Kim Howells strikes again

The UK's culture minister Kim Howells is shooting his mouth off again, this time at Robbie Williams:

Culture minister Kim Howells condemned Robbie Williams today, accusing him of supporting drug and prostitution rackets by saying internet piracy was "great".
Howells said he was "appalled" at the chart-topping star's comments which amounted to "defending theft".
Williams - whose album Escapology was last year's biggest seller in the UK - made his remarks at a music conference in Cannes.
He is reported to have said of internet piracy: "I think it's great, really I do. There is nothing anyone can do about it."

Howells is already on record as having described last year's Turner Prize entrants as "cold, mechanical, conceptual bullshit", and as disliking the Royal Family and British film makers. He's more recently notorious, though, for claiming the rise of hip hop culture in Britain, especially in the form of a 30-member garage group from London called So Solid Crew, was responsible for the shooting deaths of two teenage girls (this Grauniad article amusingly reels off a list of other things popular music should be indicted for while he's at it).

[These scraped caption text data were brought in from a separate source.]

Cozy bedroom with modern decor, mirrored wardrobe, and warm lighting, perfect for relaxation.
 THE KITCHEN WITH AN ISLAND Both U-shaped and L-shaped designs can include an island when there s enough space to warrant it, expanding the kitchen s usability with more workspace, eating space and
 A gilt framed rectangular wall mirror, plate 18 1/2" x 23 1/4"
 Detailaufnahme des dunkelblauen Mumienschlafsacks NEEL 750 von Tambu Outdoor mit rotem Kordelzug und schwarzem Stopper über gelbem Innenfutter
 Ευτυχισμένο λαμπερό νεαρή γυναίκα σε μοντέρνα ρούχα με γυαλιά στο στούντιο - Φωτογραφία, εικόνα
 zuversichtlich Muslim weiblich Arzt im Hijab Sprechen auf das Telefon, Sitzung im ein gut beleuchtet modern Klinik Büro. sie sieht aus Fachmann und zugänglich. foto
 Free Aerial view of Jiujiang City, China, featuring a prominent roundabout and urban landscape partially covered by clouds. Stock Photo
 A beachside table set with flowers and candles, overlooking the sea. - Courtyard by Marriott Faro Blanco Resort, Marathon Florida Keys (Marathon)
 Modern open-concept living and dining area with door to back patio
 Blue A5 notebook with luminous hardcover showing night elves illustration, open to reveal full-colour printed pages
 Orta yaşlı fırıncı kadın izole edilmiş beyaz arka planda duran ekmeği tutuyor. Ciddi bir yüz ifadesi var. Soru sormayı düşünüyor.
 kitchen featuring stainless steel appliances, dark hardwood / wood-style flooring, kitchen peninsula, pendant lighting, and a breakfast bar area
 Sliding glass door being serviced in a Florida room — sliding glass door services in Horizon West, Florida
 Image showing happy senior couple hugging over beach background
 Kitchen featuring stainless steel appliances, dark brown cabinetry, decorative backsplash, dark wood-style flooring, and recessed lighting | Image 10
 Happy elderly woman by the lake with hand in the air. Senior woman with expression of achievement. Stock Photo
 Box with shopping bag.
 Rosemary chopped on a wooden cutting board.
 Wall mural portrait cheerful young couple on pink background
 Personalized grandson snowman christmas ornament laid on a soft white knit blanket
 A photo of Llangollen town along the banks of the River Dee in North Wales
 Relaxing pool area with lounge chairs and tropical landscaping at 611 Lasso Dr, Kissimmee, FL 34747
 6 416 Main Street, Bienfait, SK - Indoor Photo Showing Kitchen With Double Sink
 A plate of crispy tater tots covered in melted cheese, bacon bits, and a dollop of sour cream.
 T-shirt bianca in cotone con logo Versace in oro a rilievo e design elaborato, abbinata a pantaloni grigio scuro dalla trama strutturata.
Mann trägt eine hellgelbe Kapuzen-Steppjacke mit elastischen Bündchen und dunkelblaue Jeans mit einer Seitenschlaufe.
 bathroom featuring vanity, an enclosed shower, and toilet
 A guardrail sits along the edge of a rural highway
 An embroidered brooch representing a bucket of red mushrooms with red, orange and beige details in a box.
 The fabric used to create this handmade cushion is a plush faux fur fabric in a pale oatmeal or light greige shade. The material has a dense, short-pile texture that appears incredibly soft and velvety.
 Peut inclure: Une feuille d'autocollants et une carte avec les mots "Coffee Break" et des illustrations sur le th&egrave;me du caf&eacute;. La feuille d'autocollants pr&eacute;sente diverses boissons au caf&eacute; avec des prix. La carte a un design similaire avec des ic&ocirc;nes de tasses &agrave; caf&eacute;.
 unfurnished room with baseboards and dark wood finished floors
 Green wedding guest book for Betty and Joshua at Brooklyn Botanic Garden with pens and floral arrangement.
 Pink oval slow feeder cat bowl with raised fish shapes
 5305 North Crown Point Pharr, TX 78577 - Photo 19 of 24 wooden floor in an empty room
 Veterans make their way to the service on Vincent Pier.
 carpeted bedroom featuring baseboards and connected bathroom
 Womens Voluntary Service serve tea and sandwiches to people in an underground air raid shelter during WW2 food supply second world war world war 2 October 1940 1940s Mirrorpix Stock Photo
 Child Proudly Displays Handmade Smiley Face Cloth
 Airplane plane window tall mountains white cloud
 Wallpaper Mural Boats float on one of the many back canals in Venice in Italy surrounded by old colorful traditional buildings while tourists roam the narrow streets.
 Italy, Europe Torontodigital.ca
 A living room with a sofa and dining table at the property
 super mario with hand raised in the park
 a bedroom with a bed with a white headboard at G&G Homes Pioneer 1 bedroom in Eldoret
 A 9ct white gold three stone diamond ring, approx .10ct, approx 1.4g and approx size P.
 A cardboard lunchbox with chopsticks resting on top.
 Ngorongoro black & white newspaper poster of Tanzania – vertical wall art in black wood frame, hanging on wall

The case against Howells on this point is made here:

But last night Conor McNicholas, editor of the music magazine NME, described the minister's outburst as "deeply racist".
"He doesn't understand the culture. It is this idea again that we have to do something about these out-of-control black people in our streets and the nasty culture they are perpetuating," he said.

What does Kim have to say for himself? Well, if this article's anything to go by, he evidently thinks he was once a dangerous man:

What did he think of Gillian Wearing's "Fuck Cilla Black" G2 cover last week? "A mistake." And what about having his tender sensibilities protected by a customised warning on the front page of the main paper? "I start reading from the back, so I never saw that warning. I go to the sport. I thought it was a grotesque, old-Guardian-style spelling mistake.
"I was a much more radical artist at Hornsey College of Art in the 60s than these British artists today. I once did a litho with Father Christmas cowering in front of a sign that said, 'Bugger off, Santa.' It was very popular. I did that sort of stuff long before Gillian Wearing."